----- RAW DATA -----
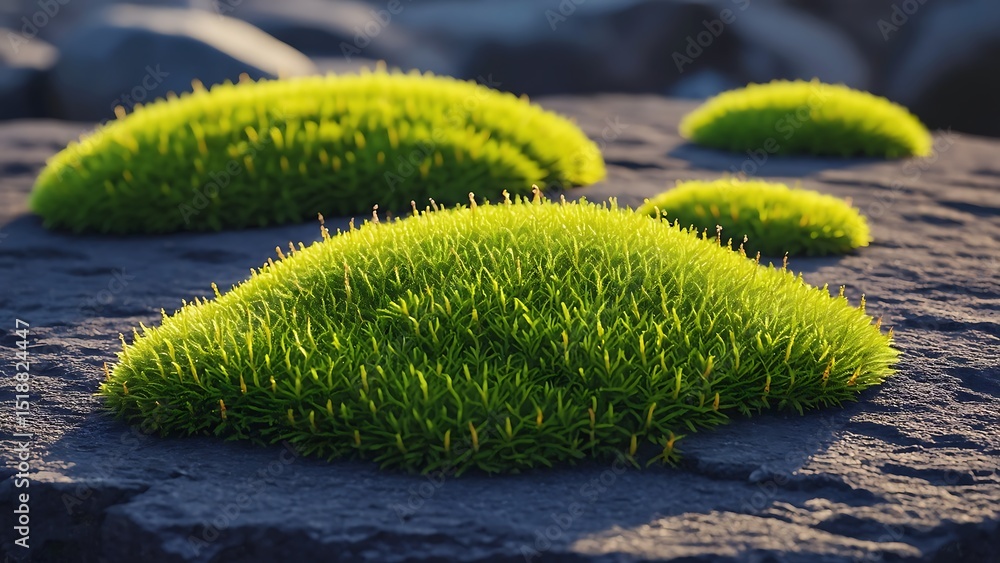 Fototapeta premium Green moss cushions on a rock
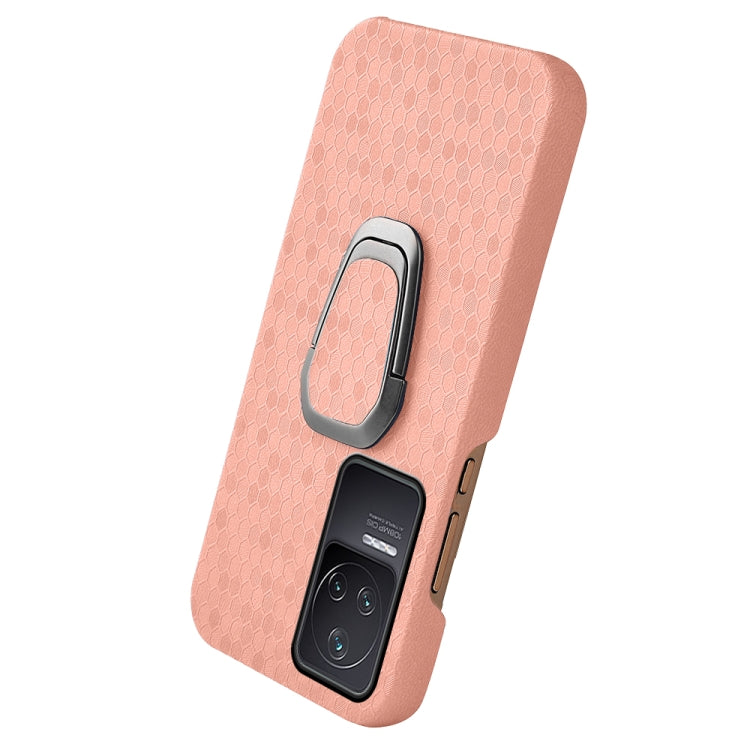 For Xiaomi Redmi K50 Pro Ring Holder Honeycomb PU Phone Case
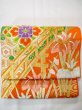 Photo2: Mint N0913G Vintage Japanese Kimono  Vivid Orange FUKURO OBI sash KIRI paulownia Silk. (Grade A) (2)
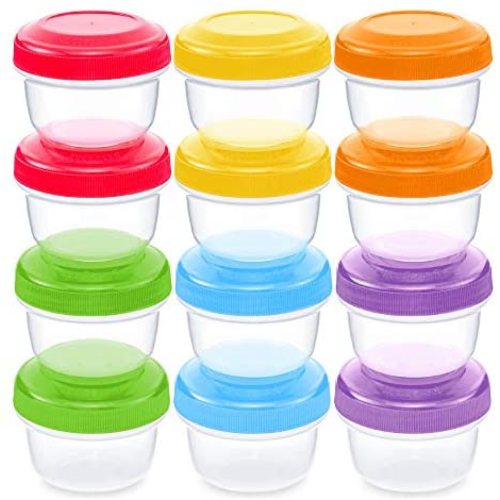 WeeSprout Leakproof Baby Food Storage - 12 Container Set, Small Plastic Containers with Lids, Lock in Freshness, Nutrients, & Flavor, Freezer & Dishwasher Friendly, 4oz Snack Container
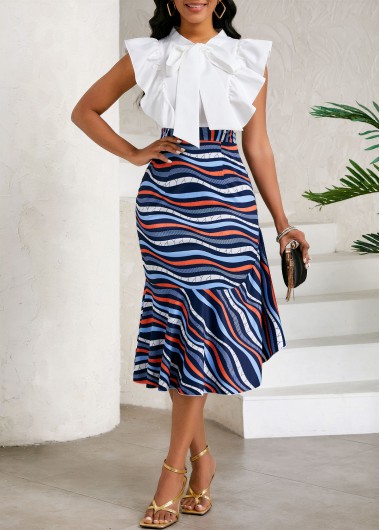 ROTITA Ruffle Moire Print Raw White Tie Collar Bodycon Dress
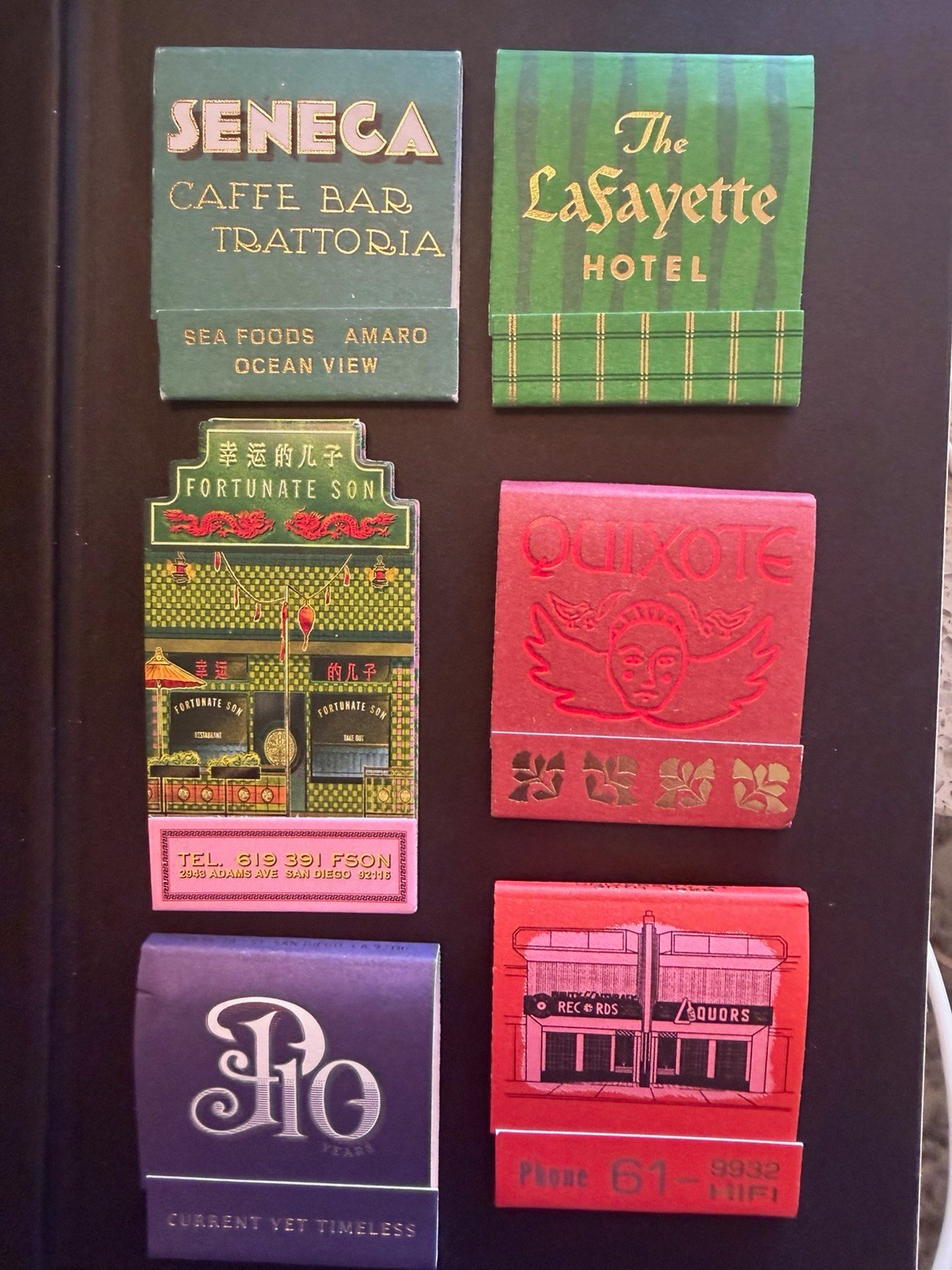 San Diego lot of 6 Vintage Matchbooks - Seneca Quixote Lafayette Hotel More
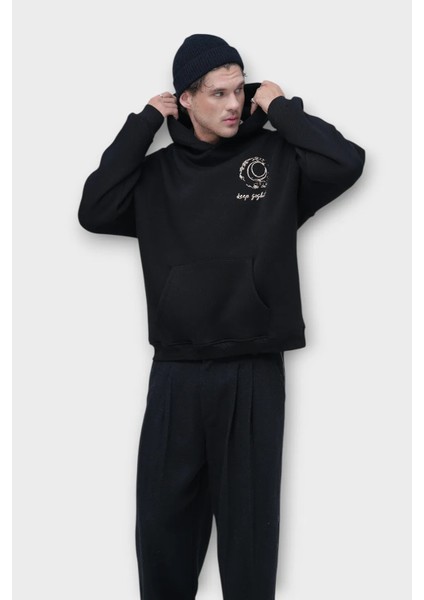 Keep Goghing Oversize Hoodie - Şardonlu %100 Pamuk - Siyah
-----
* TASK REQUIREMENTS
Exactly the lines from the one holding "For Xiaomi Redmi" through the last line of the entries, both included, are to be duplicated; leave the pictures out.

* EXERCISE RESPONSE
 For Xiaomi Redmi K50 Pro Ring Holder Honeycomb PU Phone Case
 Photo2: Mint N0913G Vintage Japanese Kimono  Vivid Orange FUKURO OBI sash KIRI paulownia Silk. (Grade A) (2)
 WeeSprout Leakproof Baby Food Storage - 12 Container Set, Small Plastic Containers with Lids, Lock in Freshness, Nutrients, & Flavor, Freezer & Dishwasher Friendly, 4oz Snack Container
 ROTITA Ruffle Moire Print Raw White Tie Collar Bodycon Dress
 San Diego lot of 6 Vintage Matchbooks - Seneca Quixote Lafayette Hotel More
 Keep Goghing Oversize Hoodie - Şardonlu %100 Pamuk - Siyah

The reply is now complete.